- [Record excerpts]
§
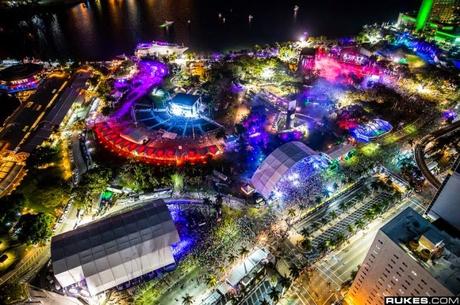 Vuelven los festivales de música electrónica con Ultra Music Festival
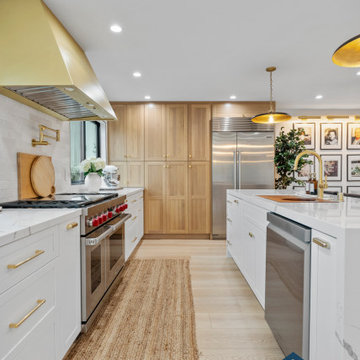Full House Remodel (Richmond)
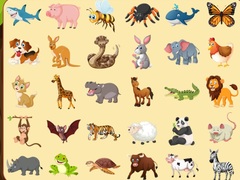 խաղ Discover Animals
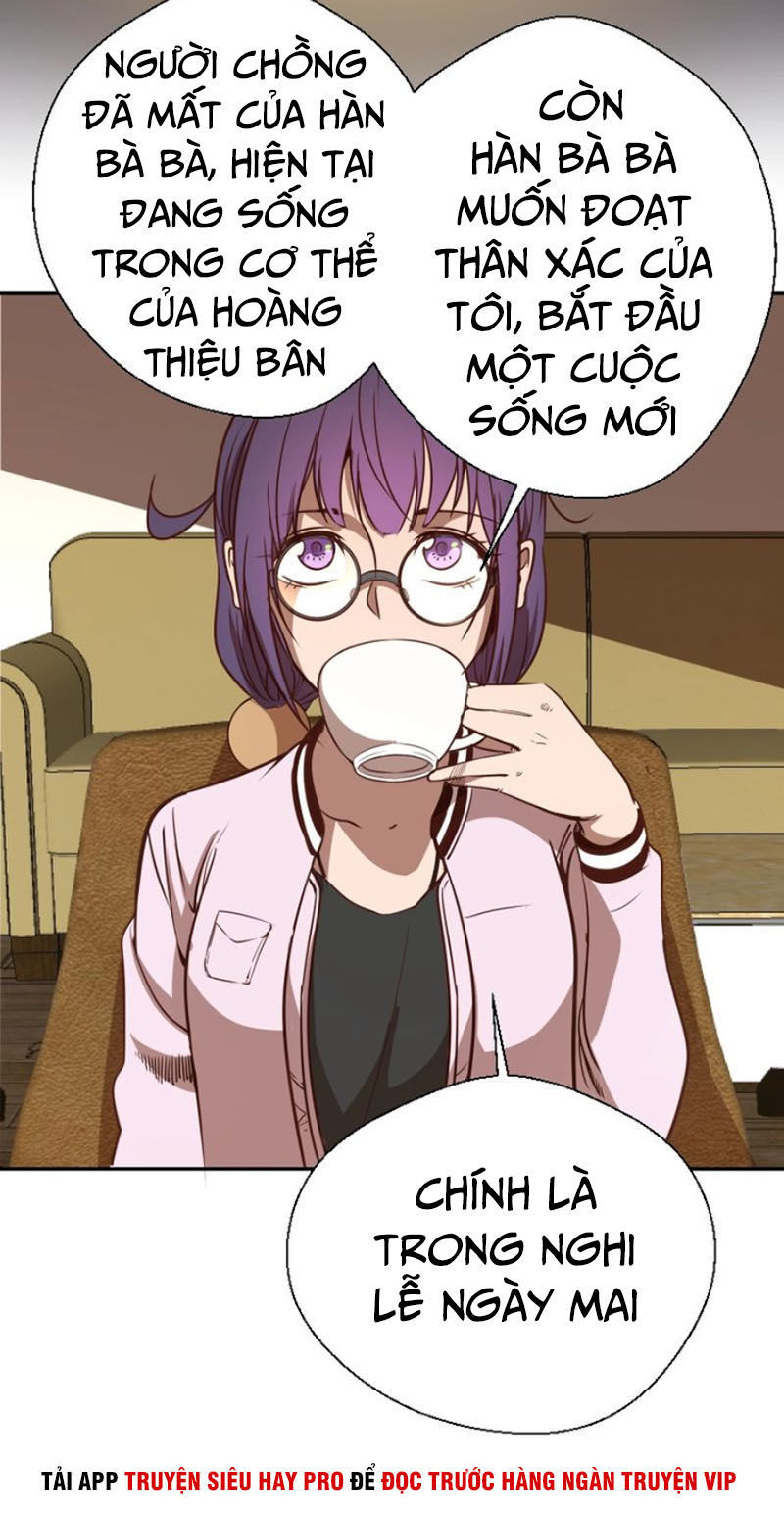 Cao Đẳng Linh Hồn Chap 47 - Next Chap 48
§
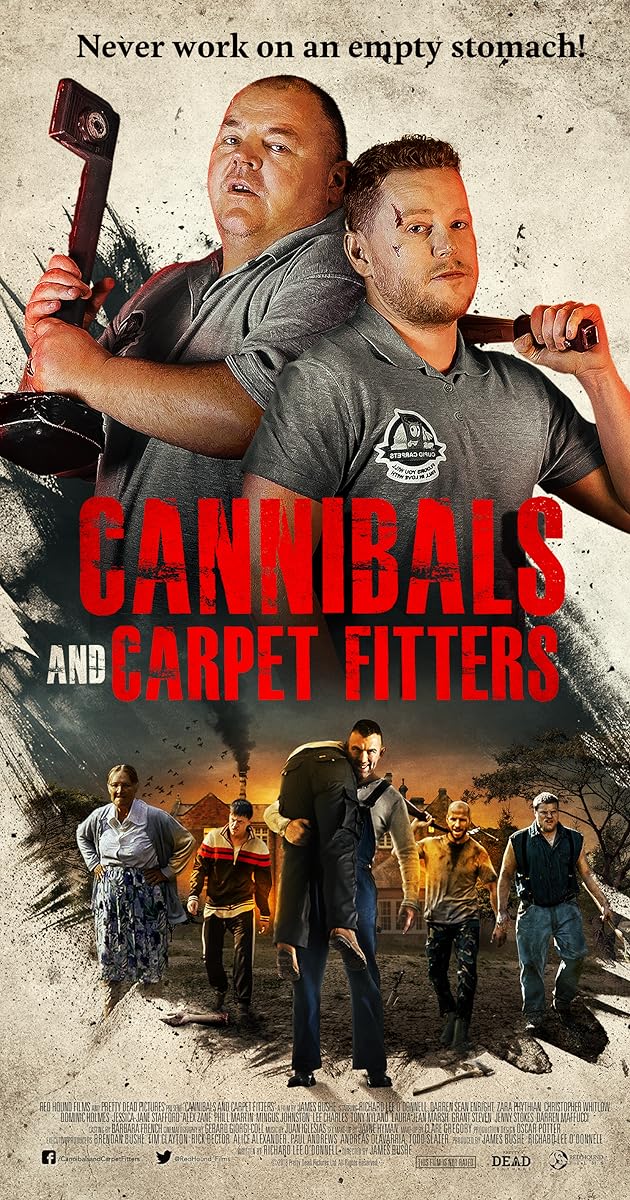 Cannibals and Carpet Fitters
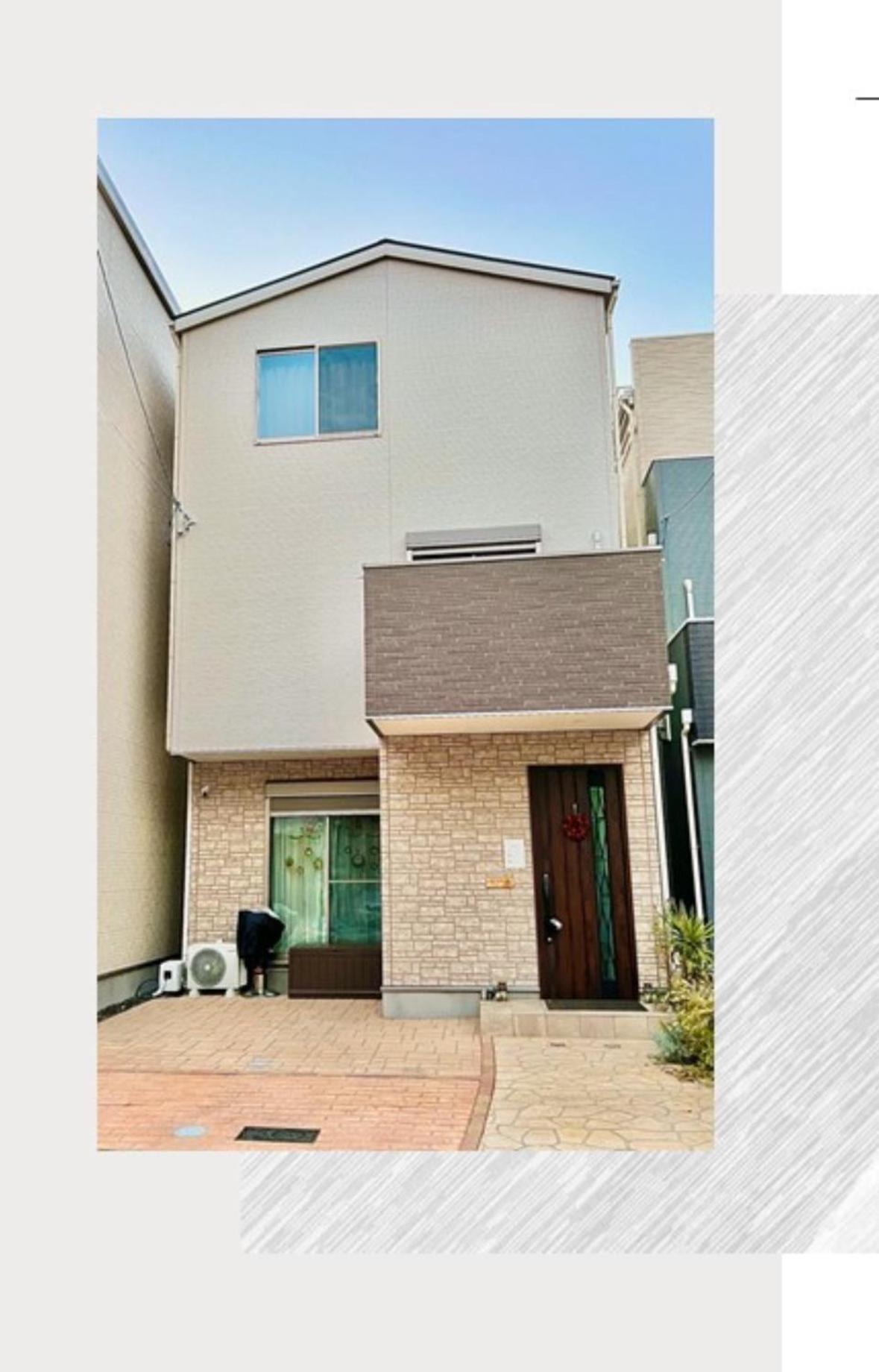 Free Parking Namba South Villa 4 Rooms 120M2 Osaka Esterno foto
§
- [What the task asks] With the pictures omitted, print the lines above exactly, beginning at the line with "Full House Remodel (Richmond)" and going on through the line with "Cao Đẳng Linh Hồn Chap 47 - Next Chap 48".

- [Response for this exercise]
Full House Remodel (Richmond)
 խաղ Discover Animals
 Cao Đẳng Linh Hồn Chap 47 - Next Chap 48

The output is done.